**SUPPLIED RECORDS:**
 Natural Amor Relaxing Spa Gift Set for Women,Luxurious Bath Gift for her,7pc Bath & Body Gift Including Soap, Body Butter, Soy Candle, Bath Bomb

--

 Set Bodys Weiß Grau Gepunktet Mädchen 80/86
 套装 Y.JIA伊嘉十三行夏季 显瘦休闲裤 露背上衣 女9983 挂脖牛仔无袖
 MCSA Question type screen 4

--

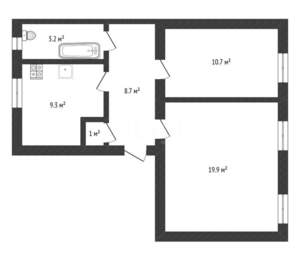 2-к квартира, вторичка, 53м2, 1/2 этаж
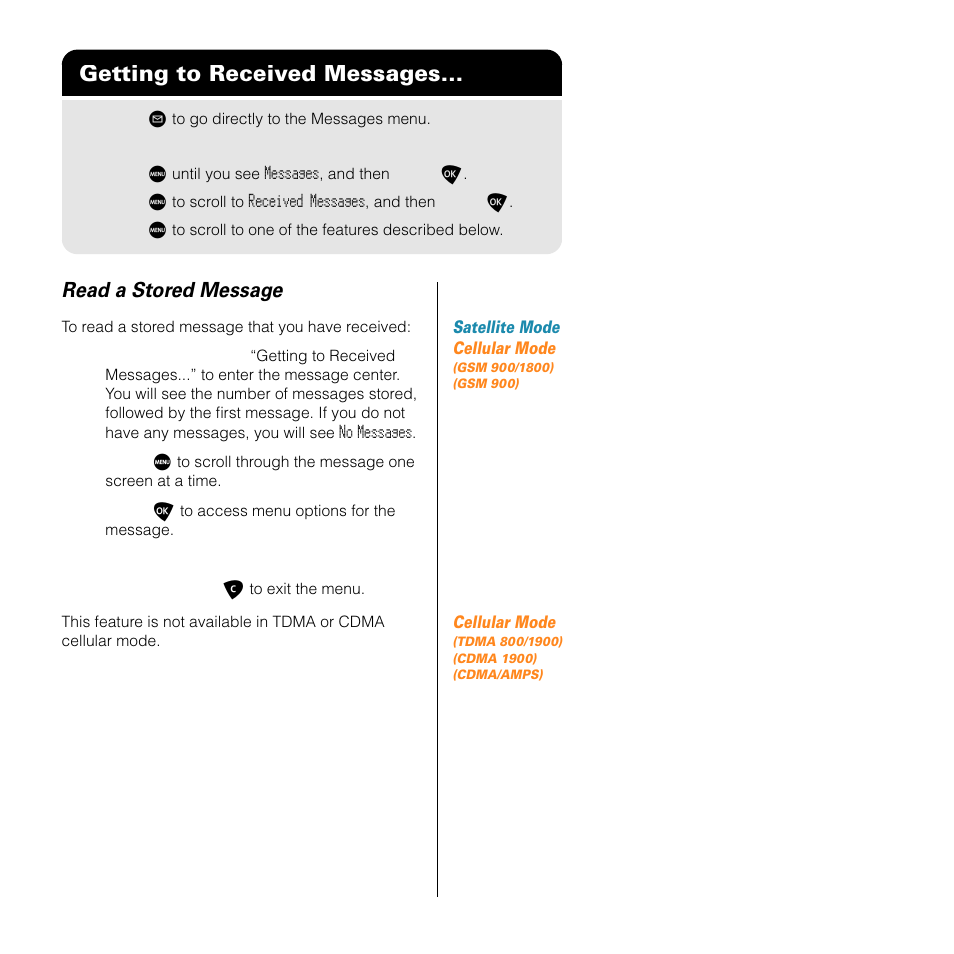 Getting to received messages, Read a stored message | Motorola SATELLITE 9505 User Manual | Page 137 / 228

**TASK TO CARRY OUT:** Please output, exactly as written, the lines above from the one holding "2-к квартира, вторичка, 53м2, 1/2 этаж" through the one holding "Getting to received", both included, with the pictures omitted.

**EXERCISE OUTPUT:**
 2-к квартира, вторичка, 53м2, 1/2 этаж
 Getting to received messages, Read a stored message | Motorola SATELLITE 9505 User Manual | Page 137 / 228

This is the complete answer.